Strangely, Original Sin has in common with the later anti-rom-com (500) Days of Summer the promise that "This is not a love story, but it is story about love." Banderas plays Luis Vargas, owner of a coffee plantation in late nineteenth-century Cuba. Looking to fit the last piece into his orderly life, Vargas arranges for a dowdy American mail-order bride. When Angelina Jolie arrives and announces herself to be the American, Julia Russell, it's a bizarre reversal on the disappointment felt by internet chatters who meet in person: according to Julia, she sent Luis a photo of a less attractive woman to assure herself that her new husband was more than superficial. He, too, has lied, obscuring his wealth for the same reason. "Then we have something in common," says Julia. "Neither one of us can be trusted." Wink wink, nudge nudge. The two marry and, after a bit of teasing, Julia imprints herself around Luis' manhood. But a trip to the theater to see an American touring company performing Faust becomes one in a series of concerning incidents for Luis: his wife is super-hot, but can she be trusted? Of course not, and matters take a turn for the worse with the arrival of private investigator Walter Downs (Thomas Jane).

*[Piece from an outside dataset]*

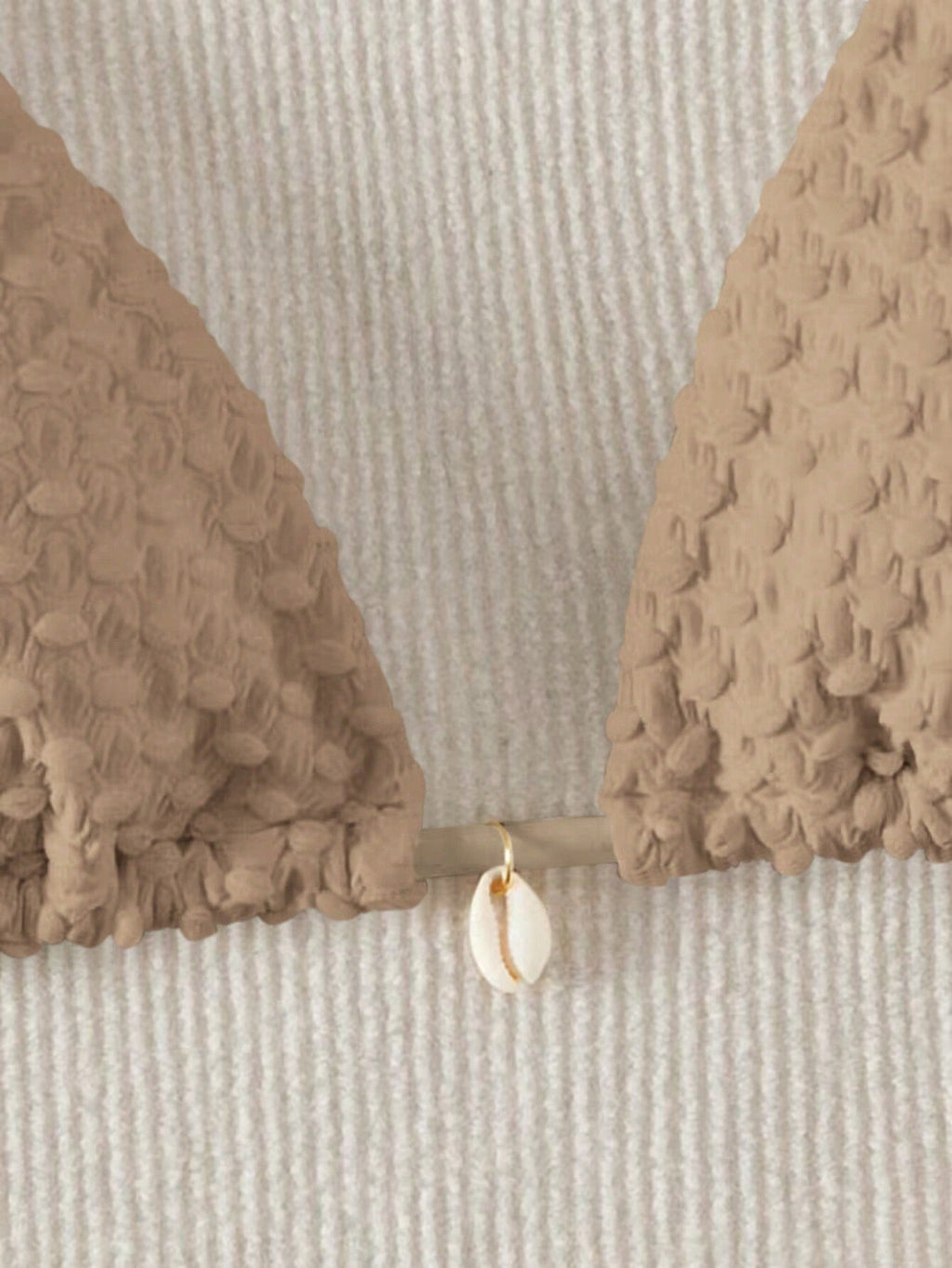 Biquíni Cortininha Iris Triângulo com Detalhes Exclusivos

By transplanting the story from New Orleans to Cuba, Cristofer gives the proceedings a bit of added flavor and, in concert with cinematographer Rodrigo Prieto (Brokeback Mountain), some visual mood (jazz-based composer Terence Blanchard adds some aural mood). But Cristofer's script proves fatally incapable of smoothing out the whiplash character turns and making sense of the big picture: it's incredible in the worst sense of the word. Banderas' performance is a compromise: to make Original Sin make more sense, the admittedly naive and crotch-led Vargas would have to be more weak-willed and quivering than Banderas (and presumably Cristofer and the studio) is willing to make him, which would also give the character more room to grow from putty in Julia's hands to a man willing to commit serious moral crimes to keep her. Jolie's performance totally lacks in nuance—it's a self-parodic salute to her own lips (after the film-opening mouth closeup, the rest of her bodacious bod almost seems an afterthought) but in no way willing to investigate character conflict; that may be a valid choice, but Julia hardly expresses a hint of concern when she's forced to rethink her plans, which is often. Only Jane is allowed to strike a note of ambiguity—sexual ambiguity that's exploited for maximum squirm but minimum import to character or story. Still, naked movie stars. Am I right?

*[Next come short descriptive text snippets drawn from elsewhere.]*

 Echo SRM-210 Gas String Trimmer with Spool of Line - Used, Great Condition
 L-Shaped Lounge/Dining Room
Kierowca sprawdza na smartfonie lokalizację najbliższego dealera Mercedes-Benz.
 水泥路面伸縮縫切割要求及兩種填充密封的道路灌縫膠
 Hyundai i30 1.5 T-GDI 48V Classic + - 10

MGM gives Original Sin its Blu-ray debut with a mediocre transfer that's still an improvement over DVD: the image has a tendency to run soft (partly due to the source, methinks), but this also appears to be an old hi-def transfer, and those sensitive to such things will notice the picture is at times flecked with dirt. Generally speaking, the picture remains handsome and film-like, with credible color and contrast and improved detail, but it's not even close to the most sharp and dimensional picture you're going to find on Blu-ray. The lossless DTS-HD Master Audio 5.1 surround mix is also a bit dated in its construction, but rear channels are engaged from time to time for ambience, and dialogue is clear.

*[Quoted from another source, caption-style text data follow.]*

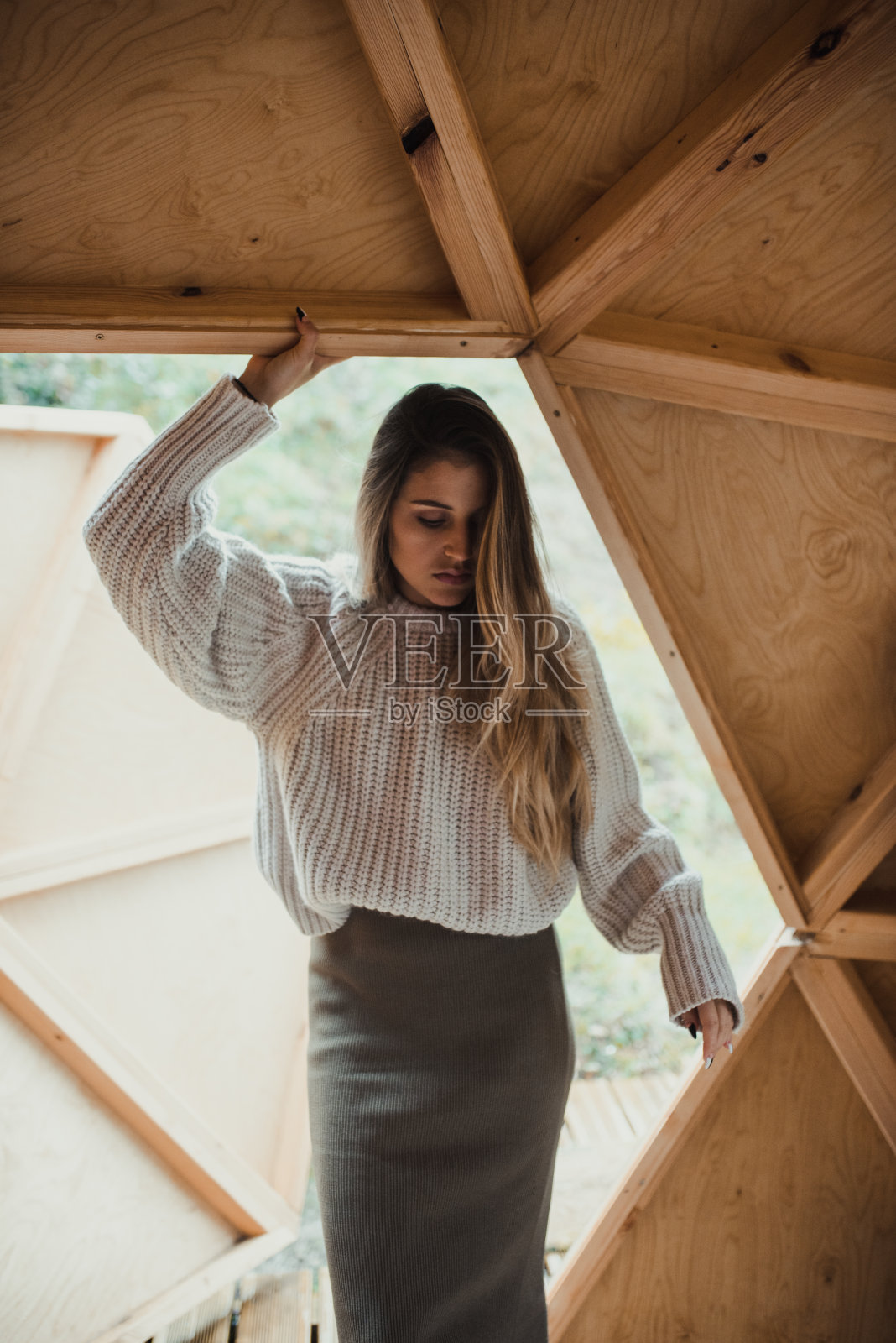 一个年轻女子在木制圆顶里的肖像照片摄影图片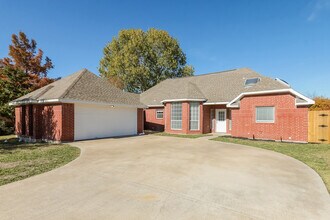 Building Photo - 116 Gregory Dr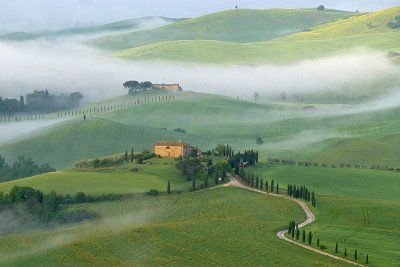 Landschaft und Huegel im Val d'Orcia, Toskana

The DVD bonus features return, beginning with commentary by director Michael Cristofer. Cristofer, also an actor, does a decent job of filling out this track with information about the film: he's interesting enough to give this a spin, for those who care to know more about the source material, his approach in adapting it, the location work, and the actors. Also on the disc are the music video "'You Can't Walk Away from Love' by Gloria Estefan" (1:47, SD) and the "Original Theatrical Trailer" (2:09, HD).